Once we returned to the office, Jim needed to get all of my information to start negotiations. He was pleasant, but exceptionally casual and would often stop typing to talk. I understand this to a point, (I do training on body language too!) but after 90 minutes I was ready to close the deal and drive off into the thunderstorm. My time is important and I wasn’t there to make a lifelong friend, but a major purchase.
As the process continued Jim made another huge mistake, one that I always address in my service advisor training. He started sharing personal information such as his knee pain, past surgeries, stitches, family issues and the fact that he had been in this business waaaaay too long to which I agreed. I even heard about his over-developed daughter (which included hand gestures) and how he had to “watch that one!” I began to look for hidden cameras because I knew this couldn’t be real! When is this ever appropriate to share with a client, especially a female?
Fifth Mistake: They didn’t offer me refreshments.
Three hours of my day had now passed. At this point, I made an excuse to leave for about 45 minutes to get something to eat and drink as nothing had been offered to me. The heavenly smell of the hot pizza that had been delivered for the sales team had put me over the edge. While I was out, I stopped in another dealership to look at a car I had been considering, but lucky for the first store, I had fallen in love with “my” car in spite of their lack of communication, knowledge, and respect for my time.
Sixth Mistake: The process was way too long.

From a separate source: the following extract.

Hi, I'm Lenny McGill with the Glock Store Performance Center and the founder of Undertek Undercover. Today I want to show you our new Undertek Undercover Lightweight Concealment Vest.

After my much needed break, I decided I was ready to go back and close this deal. I arrived to find out that there had been computer issues and my paperwork was just getting started. I understand computer glitches happen, but between Jim’s lack of knowledge regarding his inventory, this delay, and a very long clean up, by the time I drove off the lot, it was closing time. I had walked into this dealership over SEVEN hours ago. This is completely unacceptable!
I didn’t write this to complain about our industry. I know we have a lot of great, well-trained professionals. I wrote this article hoping that we can all learn from these mistakes so our clients can enjoy shopping in our stores rather than turning to the internet. I am encouraging managers and dealers at all levels to be aware of how knowledgeable your sales team is regarding their inventory, how well they listen to their clients, how long guests are in your store, and how they’re treated while they’re there.

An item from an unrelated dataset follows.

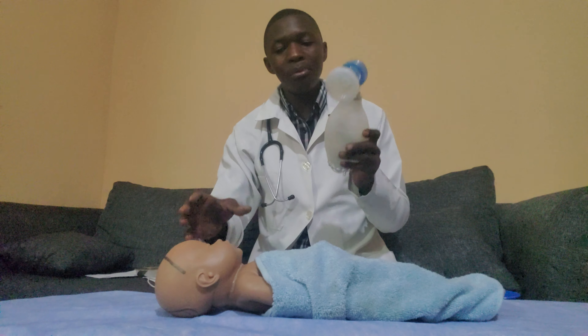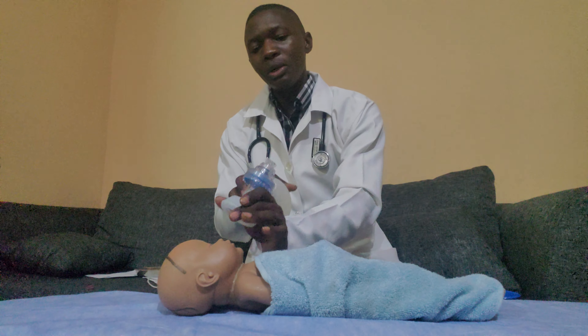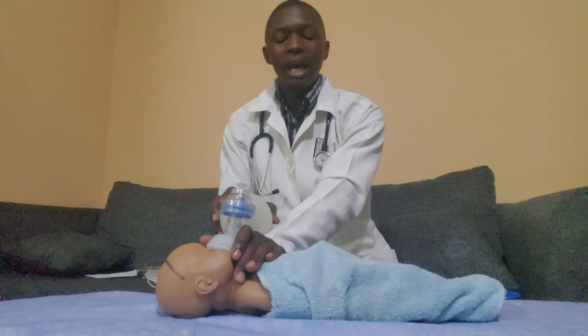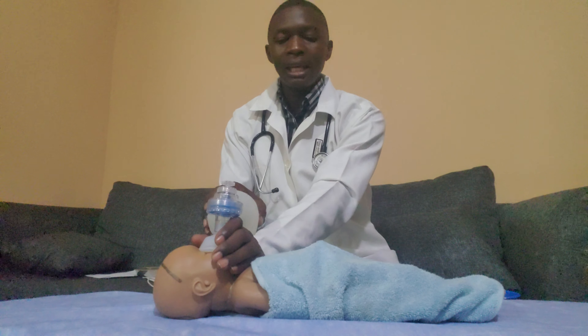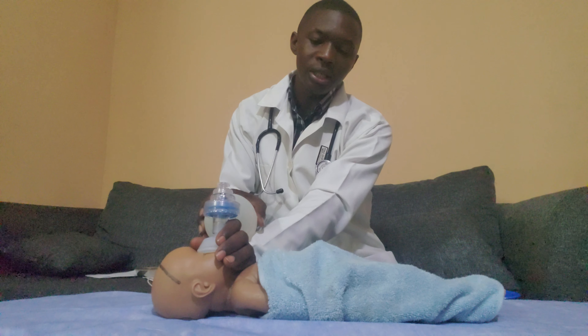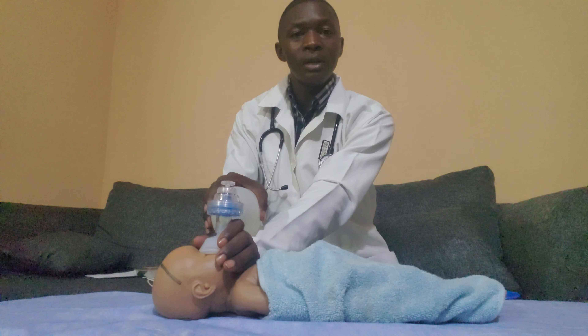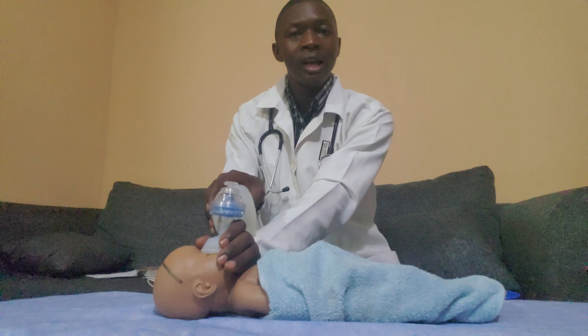Once the airway is clear, get the adult ambu bag and tilt the adult's head back. Place the ambu bag from the bridge of the nose all the way to the chin, make a seal, and position the head nicely. Give two inflation breaths to check for good rising and falling of the chest, then give 16 to 20 inflation breaths per minute, pushing in with force.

Sometimes even the best professionals can forget that everyone who comes through our door should be treated with as much respect as a guest in our home, and as someone whose time is valuable. We should be developing our sales team’s hosting ability as much as their sales ability because they are both equally important.
One final mistake: My salesman ignored my extended hand because he wanted a hug. UGH!
No one in your dealership should be initiating hugs with your clients. This is a personal gesture and breaks the golden rule of respecting personal space. If the customer reaches out for a hug, then go with it, but otherwise keep it professional.
Why women buy cars from their salesperson
Anne Fleming, president of Women-Drivers.com, offers us the following statistics regarding women’s top 5 reasons for buying a car from their salesperson:
1. Trust 52.3%
2. Being Respectful 52.1%
3. Likeable 47.8%
4. Knowledgeable 45.6%
5. Understanding 40.6%
(Percentages add up to over 100% because reviewers could submit multiple answers.)
Coming in at 34% was the “price of the vehicle.” Clearly, connection and relationship (minus the hugs!) outrank price.
How do you think my dealership stacked up in these areas? The bigger question is: HOW DOES YOURS?